The Santo Tomas Guerrilla Unit was an outfit formed and operated out of northern Batangas, with its headquarters located on a hill in Mount Makiling near the town of Santo Tomas. The outfit was commanded by one former Captain in the USAFFE named Lorenzo Talatala and would later become affiliated with the President Quezon’s Own Guerrillas (PQOG), one of the large guerrilla organizations operating in Luzon. In this document1 is provided a brief history of the Santo Tomas Guerrilla Unit, written as among the requirements for the unit’s application for official recognition by the United States Army.

Guerrilla Files

[p. 1]


In September 1942, still recuperating from illness contracted from the Capas Concentration Camp at Capas, Tarlac, but nevertheless with the same and even more desire to help the cause for which he, like the thousands of his comrades-in-arms fought, bled and died in Bataan, Lt Col LORENZO N TALATALA, then Captain of the USAFFE, conferred with Major PABLO T MENDOZA, then civilian, about the gathering of all arms and ammunition then in the hands of the civilian inhabitants of their barrio, Ulango, Tanauan, Batangas, for the purpose of organizing a resistance movement against the Japanese who then were confiscating firearms from the people of the municipality. The idea was approved by the latter who immediately convinced his barrio people to turn over to him the arms in their possession, including rifles, revolvers and home-made guns.

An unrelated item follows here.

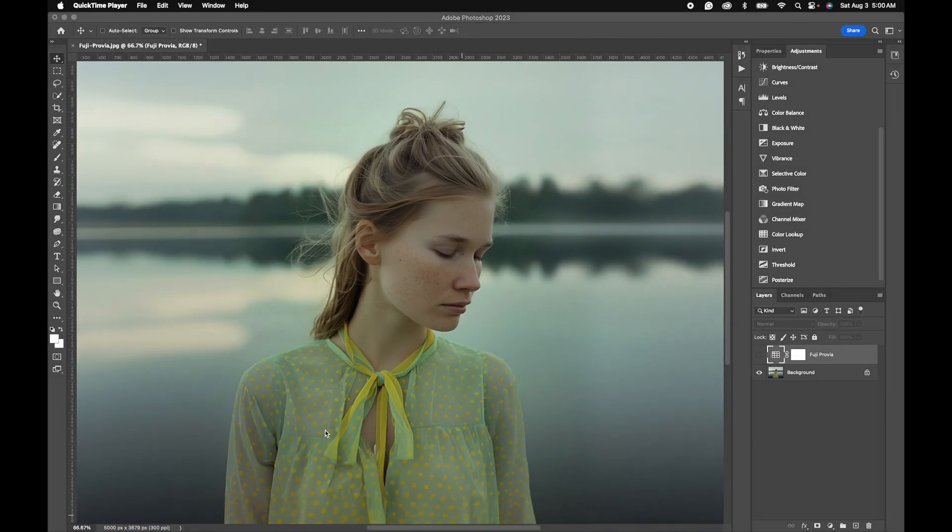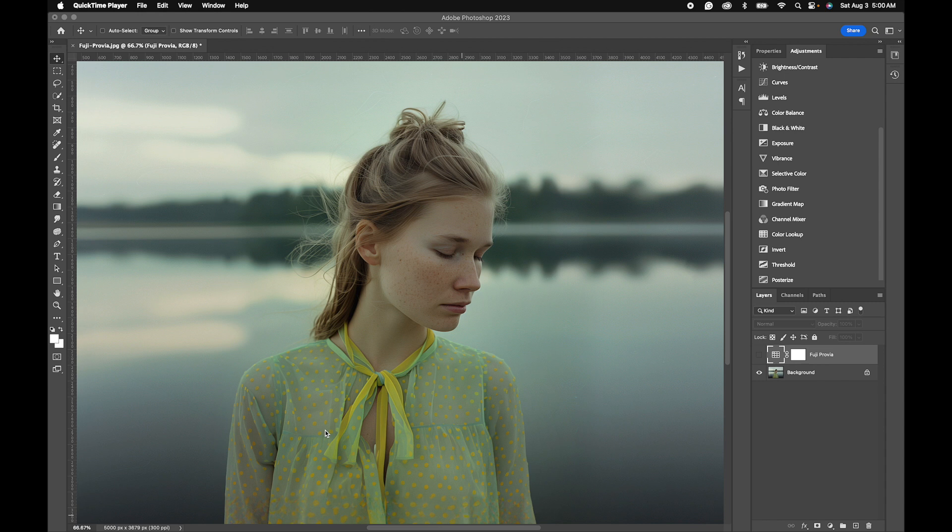Today we have a really beautiful free lookup table. It's a film emulation based off the Fuji Provia and we're using Photoshop as our demo.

At that time, Major PRISCILIANO MODELO, then civilian, was also undertaking the same activity in the whole town of Santo Tomas, Batangas, recruiting and organizing volunteers, who readily responded to his call. Upon learning of such movement, thru Lt Col TALATALA, Major PABLO T MENDOZA immediately contacted Major PRISCILIANO MODELO for the purpose of coordinating and fusing together their common purpose. Contacts were made also with Cap JULIO R NARVAEZ, USAFFE leader of the resistance movement in Tanauan with Headquarters in Barrio Ambulong. Accordingly, the two leaders talked and agreed to synchronize their plans and missions and took immediate steps to solve the problems with regards to the support and cooperation of the townspeople, and the organization of the guerrilla unit. It was decided to enlist the help and support of trusted prominent men of the town, most noteworthy of whom were ex-Governor MAXIMO M MALVAR for his proven and traditional patriotism handed from his great father, Gen MIGUEL MALVAR of the Philippine Revolution.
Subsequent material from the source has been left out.